_Prompt_
Below are entries; repeat exactly, and nothing else, the lines from the one holding "JBL Tune 770NC" through the one holding "idea de regalo del Día de la Madre", inclusive. Leave the pictures out.

Source data:
[Start of Attachment]
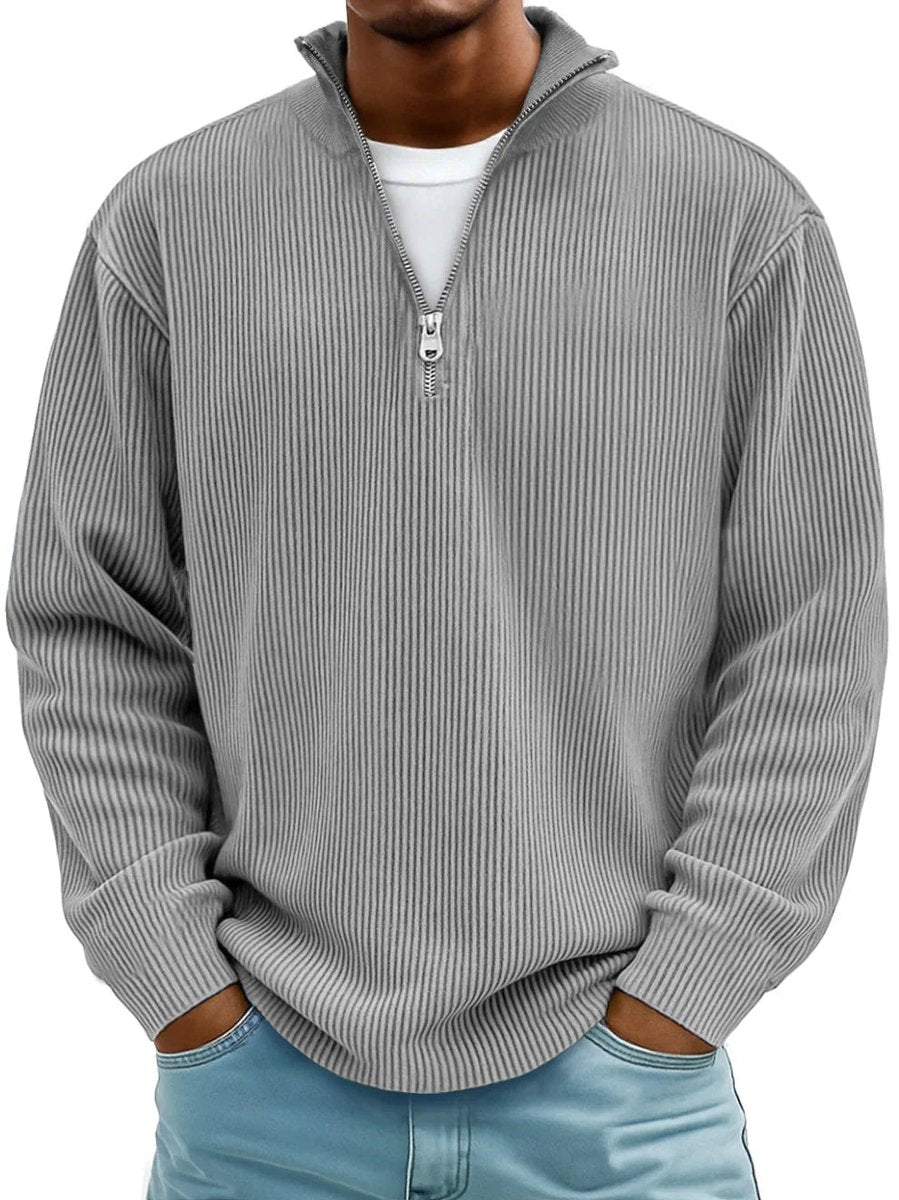 Simon Ribbed Quarter-Zip Mock Neck Sweater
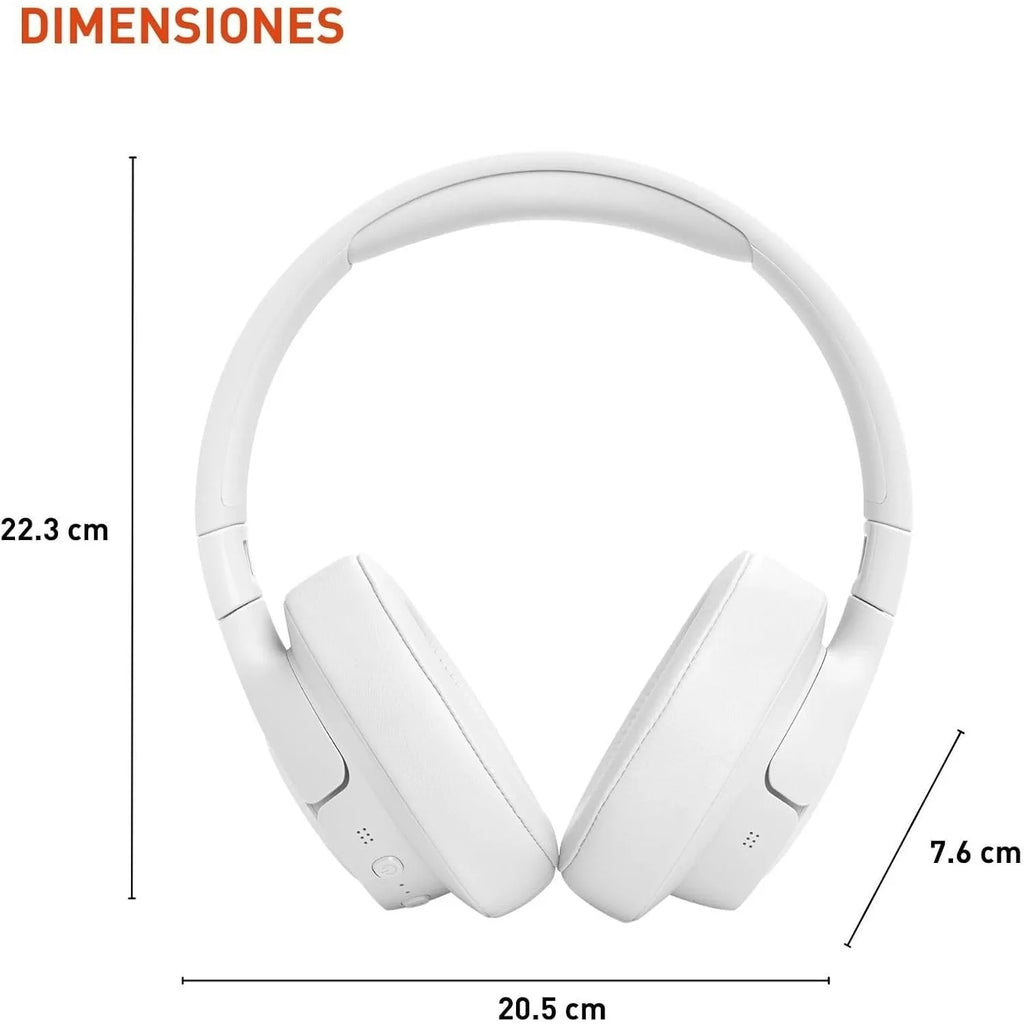 JBL Tune 770NC Wireless Over-Ear Headphones with Adaptive Noise Cancelling, Smart Ambient, Bluetooth 5.3, White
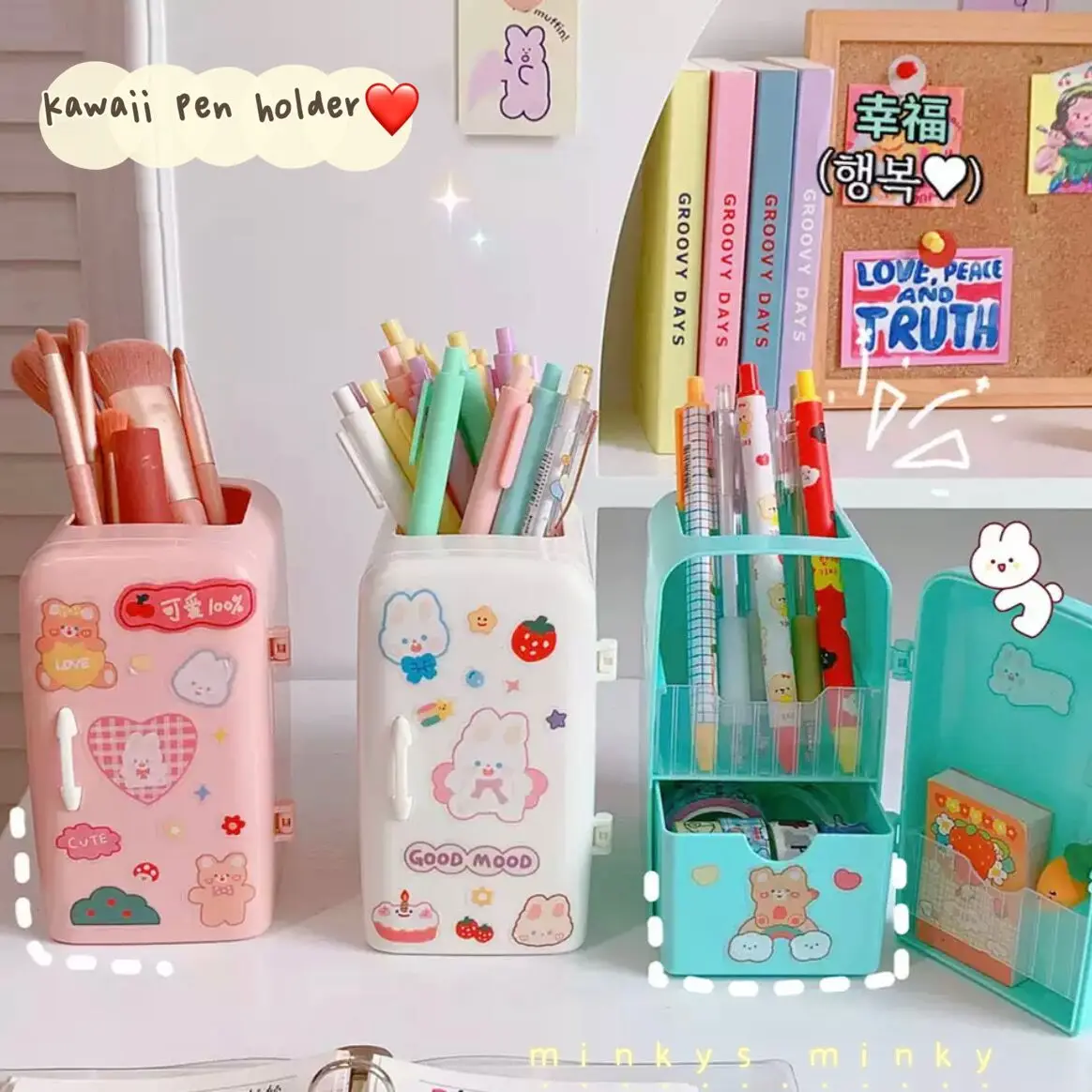 MINKYS Kawaii Refrigerator Pen Holder With 1PC DIY Sticker Desktop Makeups Pencil Pens Storage Box Creative School Stationery | Канцтовары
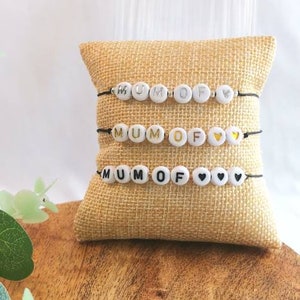 Pulsera "mamá de" personalizable, pulsera de regalo del Día de la Madre, pulsera de amor, idea de regalo del Día de la Madre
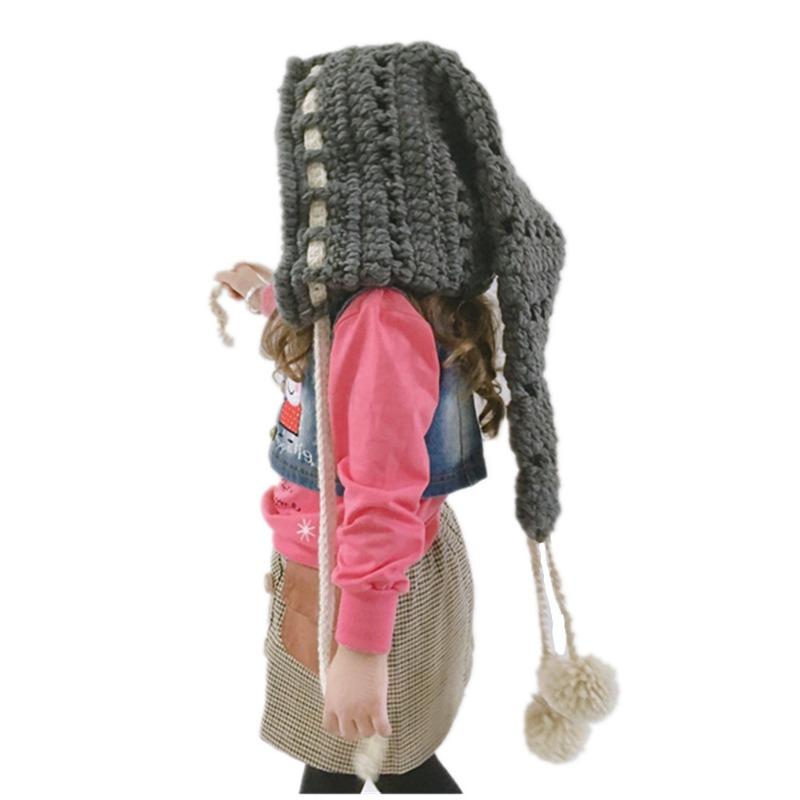 

Шапка Зимняя Утепленная Детская Шапка Шерсть Крючком Радужная Шапка с Длинным Хвостом Девочка Эльф Волшебник Принцесса Сохраняющая Тепло Children 48-53cm серый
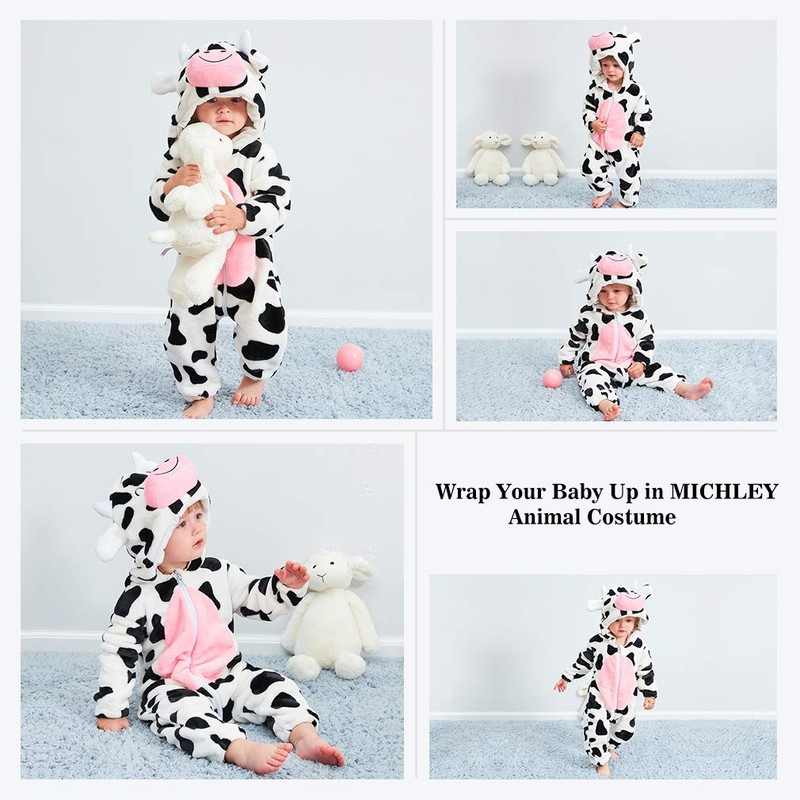 MICHLEY Unisex Baby Boy Girl Hooded Romper Winter Animal Cosplay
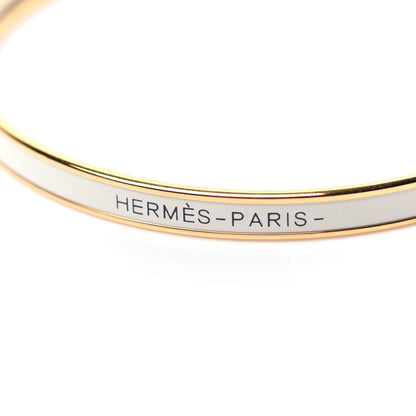 Hermes Enamel Printed Extra Narrow Bracelet 65 White 5 of 6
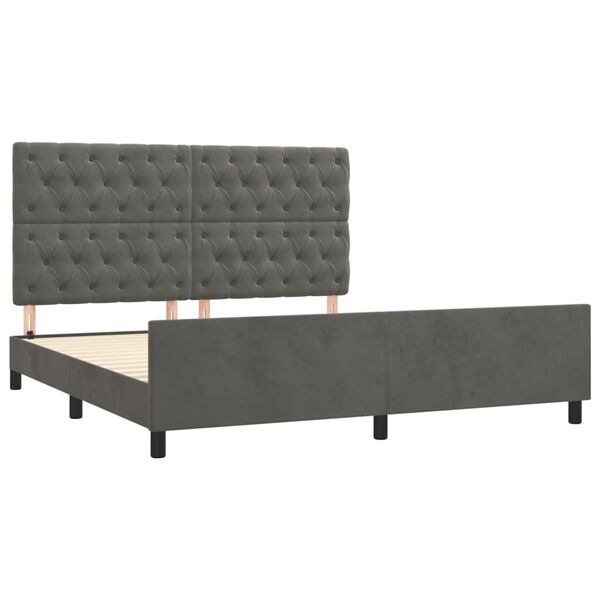 vidaXL Estrutura de cama sem colch&atilde;o 160x200 cm veludo cinzento-escuro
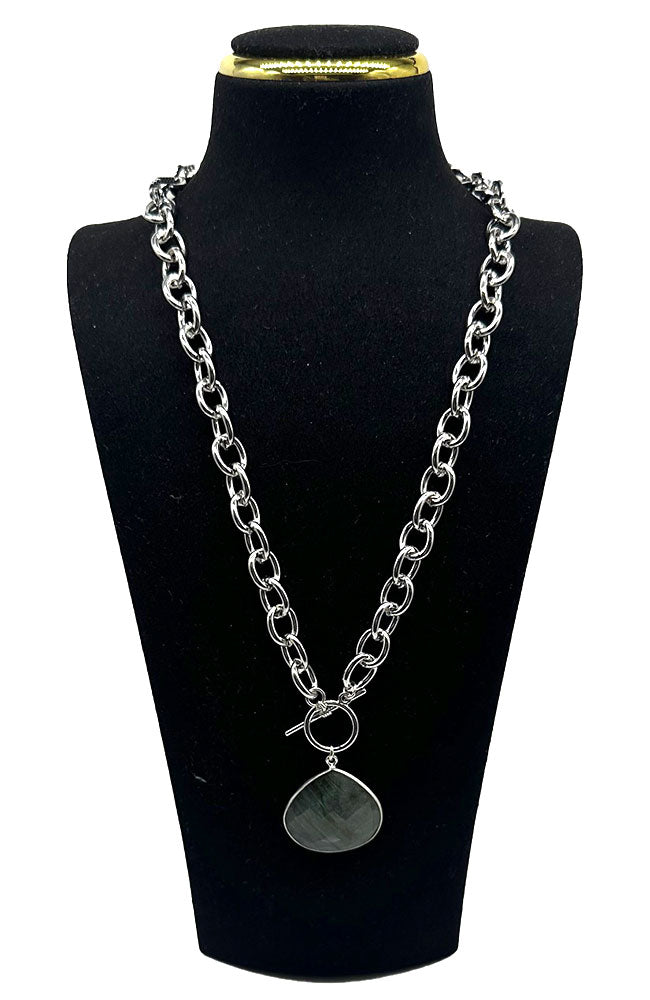 Lab Silver Toggle Necklace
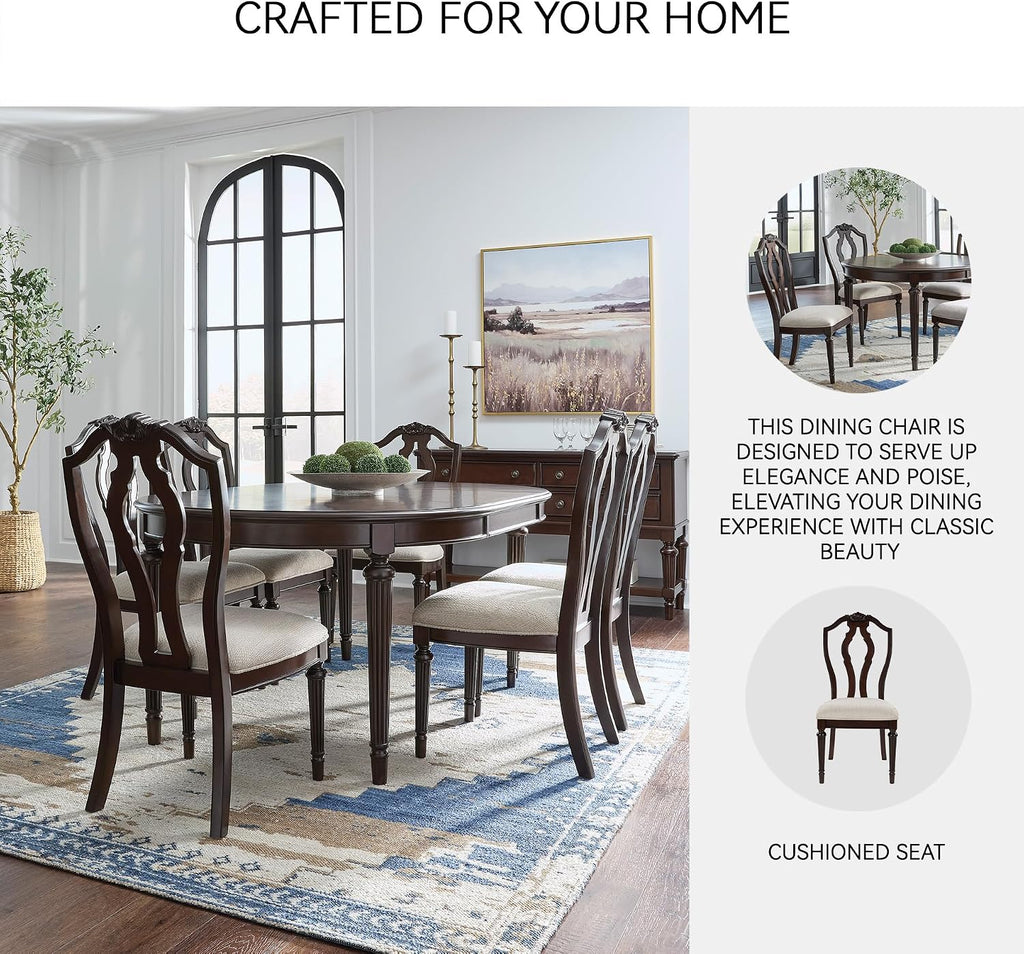 Signature Design by Ashley Traditional Upholstered Side Chairs, Dining Chairs Set of 2, Hardwood and Engineered Wood Frame with Cherry Brown Finish, Ideal for Formal Dining Rooms, Tan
[End of Attachment]
_Written solution_
 JBL Tune 770NC Wireless Over-Ear Headphones with Adaptive Noise Cancelling, Smart Ambient, Bluetooth 5.3, White
 MINKYS Kawaii Refrigerator Pen Holder With 1PC DIY Sticker Desktop Makeups Pencil Pens Storage Box Creative School Stationery | Канцтовары
 Pulsera "mamá de" personalizable, pulsera de regalo del Día de la Madre, pulsera de amor, idea de regalo del Día de la Madre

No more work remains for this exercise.